Note that there is no network state maintained at the controller; there is no analog here of the table dictionary of l2_pairs.py.

Suppose we have a simple network h1–s1–h2. When h1 sends to h2, the controller will add to s1’s table 0 an entry indicating that h1 is a known source address. It will also add to s1’s table 1 an entry indicating that h1 is reachable via the port on s1’s left. Similarly, when h2 replies, s1 will have h2 added to its table 0, and then to its table 1.

18.9.4   multitrunk.py

The goal of the multitrunk example is to illustrate how different TCP connections between two hosts can be routed via different paths; in this case, via different “trunk lines”. This example and the next are not part of the standard distributions of either Mininet or Pox. Unlike the other examples discussed here, these examples consist of Mininet code to set up a specific network topology and a corresponding Pox controller module that is written to work properly only with that topology. Most real networks evolve with time, making such a tight link between topology and controller impractical (though this may sometimes work well in datacenters). The purpose here, however, is to illustrate specific OpenFlow possibilities in a (relatively) simple setting.

The multitrunk topology involves multiple “trunk lines” between host h1 and h2, as in the following diagram; the trunk lines are the s1s3 and s2s4 links.

_images/multitrunk12.svg

The Mininet file is multitrunk12.py and the corresponding Pox module is multitrunkpox.py. The number of trunk lines is K=2 by default, but can be changed by setting the variable K. We will prevent looping of broadcast traffic by never flooding along the s2s4 link.

TCP traffic takes either the s1s3 trunk or the s2s4 trunk. We will refer to the two directions h1h2 and h2h1 of a TCP connection as flows, consistent with the usage in 8.1   The IPv6 Header. Only h1h2 flows will have their routing vary; flows h2h1 will always take the s1s3 path. It does not matter if the original connection is opened from h1 to h2 or from h2 to h1.

The first TCP flow from h1 to h2 goes via s1s3. After that, subsequent connections alternate in round-robin fashion between s1s3 and s2s4. To achieve this we must, of course, include TCP ports in the OpenFlow forwarding information.

All links will have a bandwidth set in Mininet. This involves using the link=TCLink option; TC here stands for Traffic Control. We do not otherwise make use of the bandwidth limits. TCLinks can also have a queue size set, as in 18.6   TCP Competition: Reno vs Vegas.
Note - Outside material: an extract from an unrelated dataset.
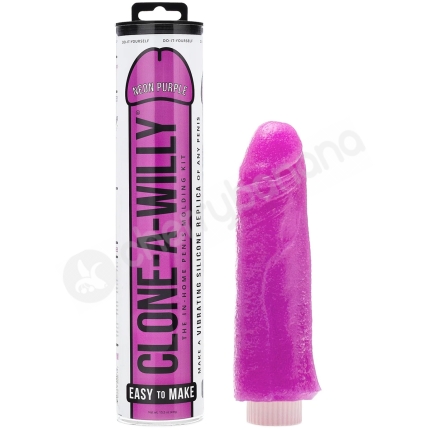 Clone-A-Willy Vibrator Moulding Kit Purple Clone-A-Willy Vibrator Moulding Kit Purple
For ARP and ICMP traffic, two OpenFlow tables are used as in 18.9.3   l2_nx.py. The PacketIn messages for ARP and ICMP packets are how switches learn of the MAC addresses of hosts, and also how the controller learns which switch ports are directly connected to hosts. TCP traffic is handled differently, below.

During the initial handling of ConnectionUp messages, switches receive their default packet-handling instructions for ARP and ICMP packets, and a SwitchNode object is created in the controller for each switch. These objects will eventually contain information about what neighbor switch or host is reached by each switch port, but at this point none of that information is yet available.

The next step is the handling of LinkEvent messages, which are initiated by the discovery module. This module must be included on the ./pox.py command line in order for this example to work. The discovery module sends each switch, as it connects to the controller, a special discovery packet in the Link Layer Discovery Protocol (LLDP) format; this packet includes the originating switch’s dpid value and the switch port by which the originating switch sent the packet. When an LLDP packet is received by the neighboring switch, that switch forwards it back to the controller, together with the dpid and port for the receiving switch. At this point the controller knows the switches and port numbers at each end of the link. The controller then reports this to our multitrunkpox module via a LinkEvent event.

As LinkEvent messages are processed, the multitrunkpox module learns, for each switch, which ports connect directly to neighboring switches. At the end of the LinkEvent phase, which generally takes several seconds, each switch’s SwitchNode knows about all directly connected neighbor switches. Nothing is yet known about directly connected neighbor hosts though, as hosts have not yet sent any packets.

Once hosts h1 and h2 exchange a pair of packets, the associated PacketIn events tell multitrunkpox what switch ports are connected to hosts. Ethernet address learning also takes place. If we execute h1 ping h2, for example, then afterwards the information contained in the SwitchNode graph is complete.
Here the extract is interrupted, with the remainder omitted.